For help with obtaining images and information, it is a pleasure to thank Dr. Anette Kramer, Mr. Manfred Eder, Dr. Raffael Gadebusch, Mr. David Thomas, Prof. Tom Mathews, Dr. Lev Avdoyan, Mr. James Willaman, Dr. Stefano Carboni, Prof. Bernt Glatzer, Dr. Navina Haidar, Dr. Lynn Jones, Dr. Sue Kaukji, Dr. Monik Kervran, and Mr. Derek J. Content. I owe a special debt of gratitude to Dr. Roberta Giunta and Prof. Gherardo Gnoli for their generosity in supplying images of the reliefs from Ghazni and permitting their reproduction. Heartfelt thanks are due to Jaroslav Poncar and Dr. Christian Luczanits for their kindness in supplying and permitting the reproduction of the Alchi images that they will soon publish in all their colorful glory. Particular thanks are also due to Dr. Vandana Sinha at the American Institute of Indian Studies, Gurgaon, for her help with obtaining photographic material from the institute’s archives. I would like to offer a special thanks to Max Schneider for his patience and perseverance with the drawings for the book.
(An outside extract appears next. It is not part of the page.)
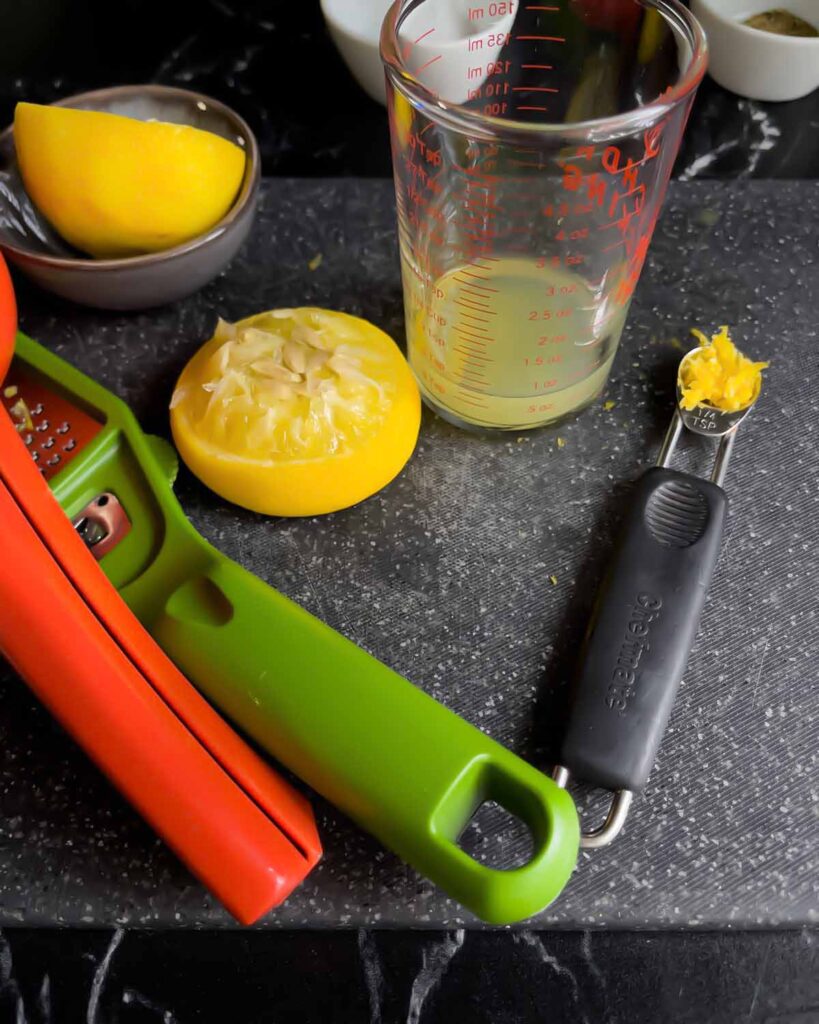 Juiced lemon and lemon zest for whipped feta on a dark cutting board.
Roberta Giunta, Scott Redford, Bernard O’Kane, and Ilyse Morgenstein Fuerst all commented on various chapters of the book while they were being drafted in ways that helped me clarify the presentation and avoid errors. I owe a particular debt to Oleg Grabar and to two anonymous reviewers for their very careful reading and critiques of the draft manuscript, and to my editor at Princeton University Press, Hanne Winarsky, for her insights and suggestions, to Terri O’Prey and Tracy Baldwin, and to Will Hively for the care with which he copyedited the manuscript. These critical interventions have greatly improved the finished product.
Over the years, the development of my thought on the subjects of this book has derived particular benefit from informal discussions with Phillip Wagoner of Wesleyan University and Sunil Kumar of Delhi University, two colleagues and friends who are major innovators in the field of medieval South Asian history. Whether or not it faithfully reflects the content and tenor of those conversations, without them this project would never have assumed some of the forms that it has. I am truly grateful to them both for their encouragement, support, and comments on the manuscript.
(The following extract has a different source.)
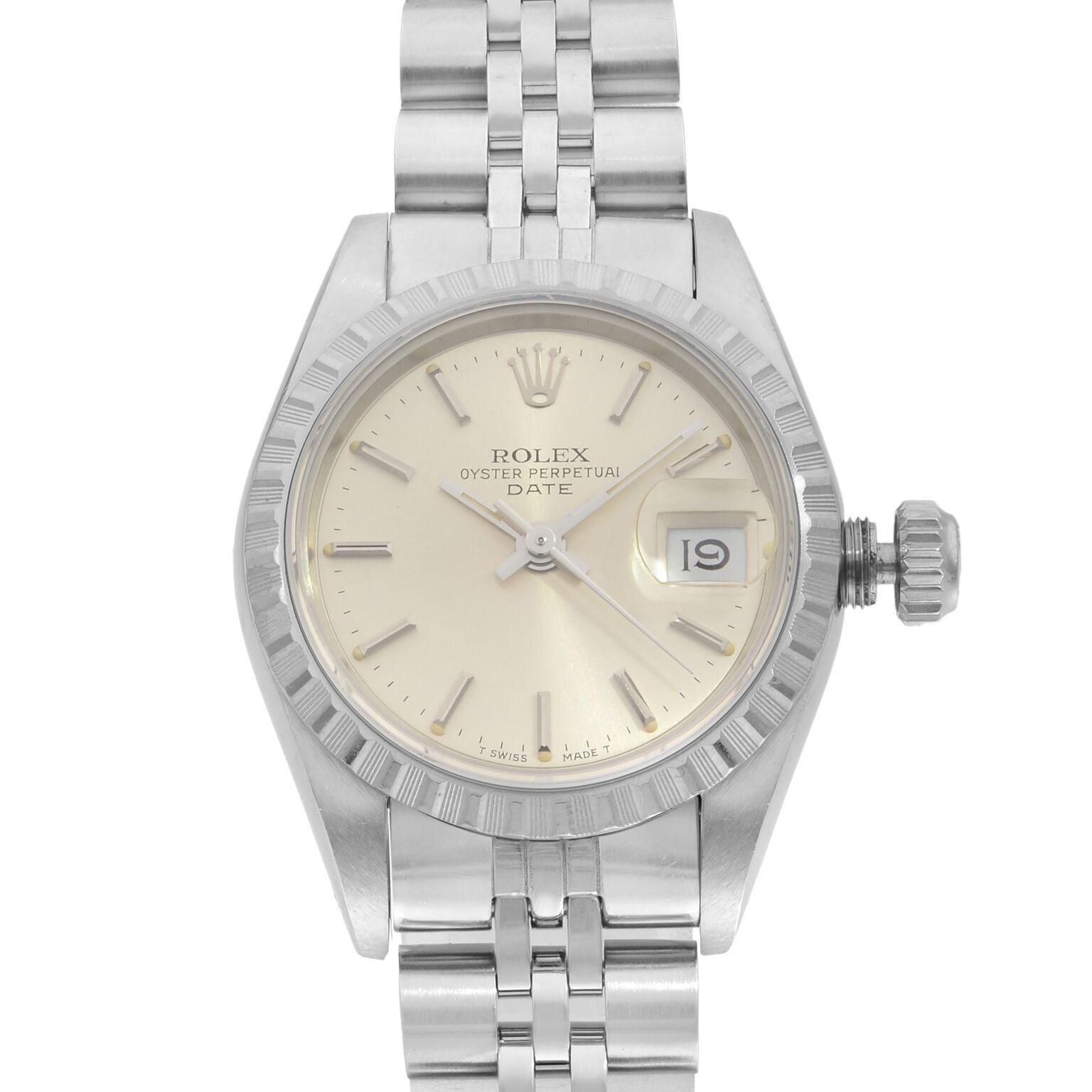 This pre-owned Rolex Date 69240 is a beautiful Ladie's timepiece that is powered by mechanical (automatic) movement which is cased in a stainless steel case. It has a round shape face, date indicator dial and has hand sticks style markers. It is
Last but by no means least, for keeping me sane during the interminable process of writing, and for tolerating my occasional inabilities to disengage from premodernity, especially warm thanks is due to Nebahat Avcıoğlu, Zahid Chaudhary, Kryzstof Czuba, Kalleen Flood, Irene Leung, Stella Nair, Avinoam Shalem, Vijayanthi Rao, and Satya Pemmaraju. Srinivasan Padmanabhan has, as always, shown patience above and beyond the call of duty and offered unstinting support for this project throughout its history. Without that support this book would never have seen the light of day.
In claiming this project as a kind of collective endeavor, I should end by emphasizing the limits of collectivity—any glitches, quirks, or outright errors are entirely mine.